◆ **Exercise description**
Repeat the records verbatim and leave the pictures out of your copy.

◆ **Supplied entries**

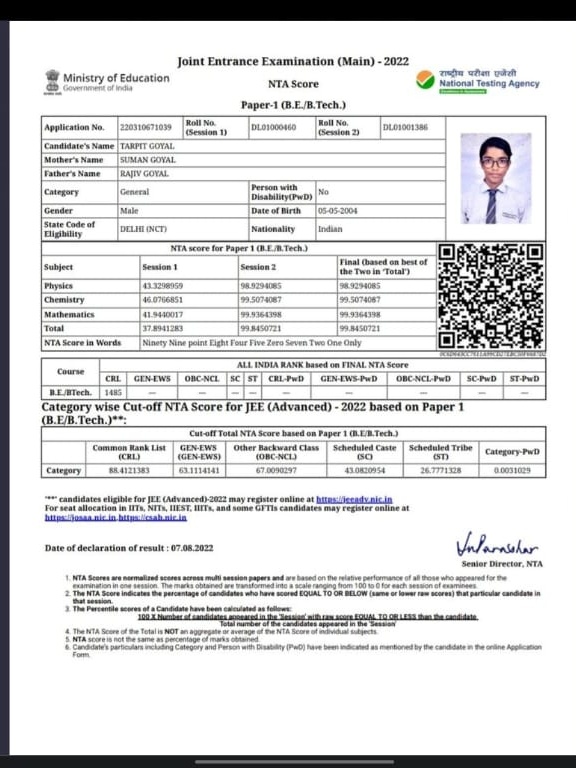 Krishna52526331's tweet photo. #DG_NTA 
#jeestudentswantsjustice #JEEStudentsWantJustice #JEEStudentsFutureMatters #JEEMain2022 #moneymatters money can't buy happiness but it can buy these freaking results which will make you happy effectively 
We want justice for jee mains  NTA is responsible for all this https://t.co/uTTFFMKLgr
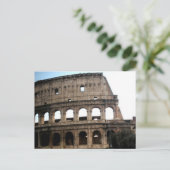Italiaanse reisfoto Colosseum Briefkaart (Staand voorkant)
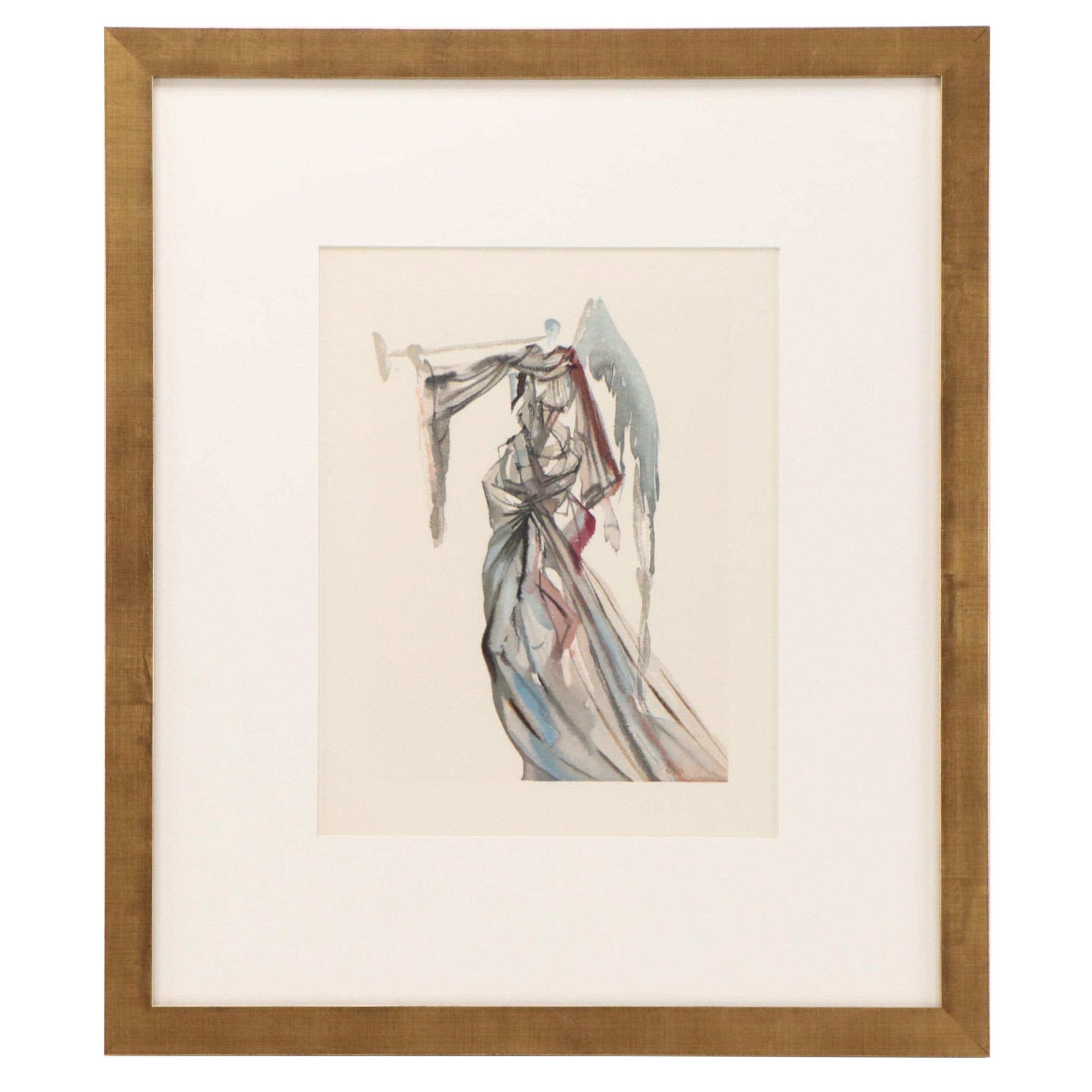 Salvador Dalí Wood Engraving "L’ange du soleil"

◆ **Response to this exercise**
 Krishna52526331's tweet photo. #DG_NTA 
#jeestudentswantsjustice #JEEStudentsWantJustice #JEEStudentsFutureMatters #JEEMain2022 #moneymatters money can't buy happiness but it can buy these freaking results which will make you happy effectively 
We want justice for jee mains  NTA is responsible for all this https://t.co/uTTFFMKLgr
Italiaanse reisfoto Colosseum Briefkaart (Staand voorkant)
 Salvador Dalí Wood Engraving "L’ange du soleil"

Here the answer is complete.